From the records below, copy the lines that include "Long".

*** Opening STUDY MATERIAL ***

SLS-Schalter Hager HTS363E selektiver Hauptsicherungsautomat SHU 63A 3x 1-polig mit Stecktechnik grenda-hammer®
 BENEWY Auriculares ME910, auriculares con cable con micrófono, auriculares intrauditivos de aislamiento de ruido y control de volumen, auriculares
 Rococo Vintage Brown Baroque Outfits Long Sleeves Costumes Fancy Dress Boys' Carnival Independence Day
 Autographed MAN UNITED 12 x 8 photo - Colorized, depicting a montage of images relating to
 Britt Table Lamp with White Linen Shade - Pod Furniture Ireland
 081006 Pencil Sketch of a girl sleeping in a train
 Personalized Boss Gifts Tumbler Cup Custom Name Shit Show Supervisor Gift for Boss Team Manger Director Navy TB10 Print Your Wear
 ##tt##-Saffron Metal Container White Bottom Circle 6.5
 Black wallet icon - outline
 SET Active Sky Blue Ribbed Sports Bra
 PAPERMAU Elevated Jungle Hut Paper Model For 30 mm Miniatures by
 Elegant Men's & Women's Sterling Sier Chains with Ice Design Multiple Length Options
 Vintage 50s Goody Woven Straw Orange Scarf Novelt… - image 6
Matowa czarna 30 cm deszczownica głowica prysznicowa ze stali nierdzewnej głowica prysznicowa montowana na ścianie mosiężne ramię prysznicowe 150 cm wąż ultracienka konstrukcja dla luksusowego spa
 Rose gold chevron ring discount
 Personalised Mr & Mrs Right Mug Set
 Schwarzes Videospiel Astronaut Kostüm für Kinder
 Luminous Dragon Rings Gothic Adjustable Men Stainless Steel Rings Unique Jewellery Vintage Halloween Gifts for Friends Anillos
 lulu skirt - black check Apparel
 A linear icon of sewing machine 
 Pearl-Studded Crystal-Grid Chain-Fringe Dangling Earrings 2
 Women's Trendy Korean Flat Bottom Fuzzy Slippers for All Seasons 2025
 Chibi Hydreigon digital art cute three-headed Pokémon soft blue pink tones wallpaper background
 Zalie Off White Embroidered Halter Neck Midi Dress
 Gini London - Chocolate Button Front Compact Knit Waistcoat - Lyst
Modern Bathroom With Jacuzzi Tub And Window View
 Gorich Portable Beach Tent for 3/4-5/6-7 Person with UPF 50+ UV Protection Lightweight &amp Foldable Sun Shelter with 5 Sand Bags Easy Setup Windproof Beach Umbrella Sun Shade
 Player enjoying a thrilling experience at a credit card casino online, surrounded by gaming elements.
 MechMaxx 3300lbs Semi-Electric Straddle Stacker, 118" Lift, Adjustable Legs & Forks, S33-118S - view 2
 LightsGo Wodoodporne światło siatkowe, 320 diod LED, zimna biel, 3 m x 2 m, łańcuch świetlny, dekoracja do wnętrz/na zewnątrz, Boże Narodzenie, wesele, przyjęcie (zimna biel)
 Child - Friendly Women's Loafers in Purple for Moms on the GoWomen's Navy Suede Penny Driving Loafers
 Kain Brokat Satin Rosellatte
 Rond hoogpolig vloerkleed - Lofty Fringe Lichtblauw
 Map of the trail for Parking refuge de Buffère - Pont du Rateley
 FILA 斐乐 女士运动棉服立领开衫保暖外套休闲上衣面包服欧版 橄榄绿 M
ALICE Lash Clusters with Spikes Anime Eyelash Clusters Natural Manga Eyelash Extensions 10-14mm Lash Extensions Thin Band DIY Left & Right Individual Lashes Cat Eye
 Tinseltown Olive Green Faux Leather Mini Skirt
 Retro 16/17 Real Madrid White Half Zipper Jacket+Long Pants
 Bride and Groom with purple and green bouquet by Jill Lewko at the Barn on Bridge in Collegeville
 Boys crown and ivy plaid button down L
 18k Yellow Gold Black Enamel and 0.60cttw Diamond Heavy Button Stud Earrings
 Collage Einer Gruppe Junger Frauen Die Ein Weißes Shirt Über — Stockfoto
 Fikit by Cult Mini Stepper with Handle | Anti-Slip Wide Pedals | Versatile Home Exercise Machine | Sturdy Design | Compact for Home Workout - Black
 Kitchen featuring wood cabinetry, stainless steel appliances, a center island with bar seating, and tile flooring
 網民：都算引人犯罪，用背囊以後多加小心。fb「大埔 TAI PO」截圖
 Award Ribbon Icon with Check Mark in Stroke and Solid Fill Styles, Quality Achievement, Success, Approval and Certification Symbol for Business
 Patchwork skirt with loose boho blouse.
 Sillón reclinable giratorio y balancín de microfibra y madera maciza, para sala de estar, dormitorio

*** Closing STUDY MATERIAL ***

_WRITTEN ANSWER_:
 Rococo Vintage Brown Baroque Outfits Long Sleeves Costumes Fancy Dress Boys' Carnival Independence Day
 Retro 16/17 Real Madrid White Half Zipper Jacket+Long Pants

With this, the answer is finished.